Wu replaced the traditional dyes and liquid crystals with semiconductor nanocrystals. These electrically conductive particles absorbed a wide range of light frequencies and remained stable despite heavy exposure to photons.
When placed in the right solvent, semiconductor crystals disperse through the medium as a colloidal suspension. (Egg white is a common example of such a suspension.)
“While exploring the synthesis of colloidal antimony selenide (Sb2Se3) nanoparticles, we serendipitously discovered that they formed crystalline nanowires upon heating and dissolved into their molecular precursors upon cooling, in a certain mixture of solvents,” explained Wu in an interview.
She selected antimony triselenide (Sb2Se3) for the semiconductor crystals. When unheated, the molecular precursors of the compound are generally transparent.
Once the temperatures rose, the molecules formed antimony triselenide in the shape of wires. The chemical compound absorbed a broad range of light.

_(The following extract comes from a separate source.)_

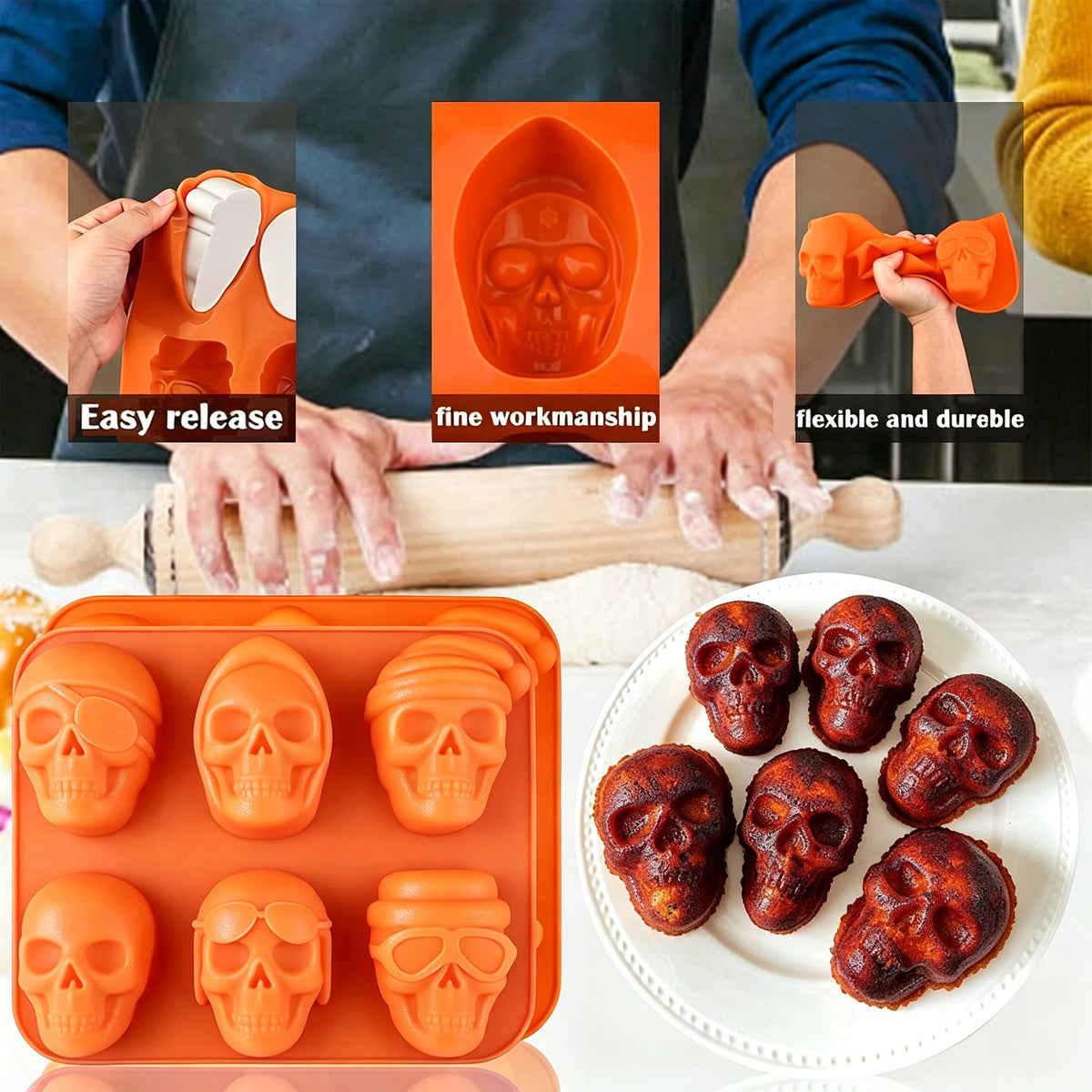 Skull-Shaped Baking Mold - 6/10 Cavity Halloween Baking Mold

The research team put their thermochromic liquid through tests to measure the robustness and long life of its color-changing ability. When they left a solution of the molecular precursors alone for two years, the solution remained stable despite exposure to ambient conditions.
Further, they ran the solution through hundreds of heating and cooling cycles. The thermochromic liquid maintained the same performance level of color-changing activity.
The researchers found it possible to adjust the transition temperature from 95 F (35 C) to 284 F (140 C). They did this by adding tiny amounts of tin chloride to the solution.
Tin chloride interacted with the selenium precursor of the semiconductor crystals. The greater the amount of tin chloride, the lower the temperature needed to trigger the formation of antimony triselenide nanowires that changed the color of the liquid.
Wu's team applied a coat of the thermochromic solution on filter paper. Their tests showed that the makeshift sensor reacted differently to hotter and colder parts of an irregularly heated surface.
“Our liquid-based thermochromic system potentially allows coating on to a large variety of surfaces,” shared Wu.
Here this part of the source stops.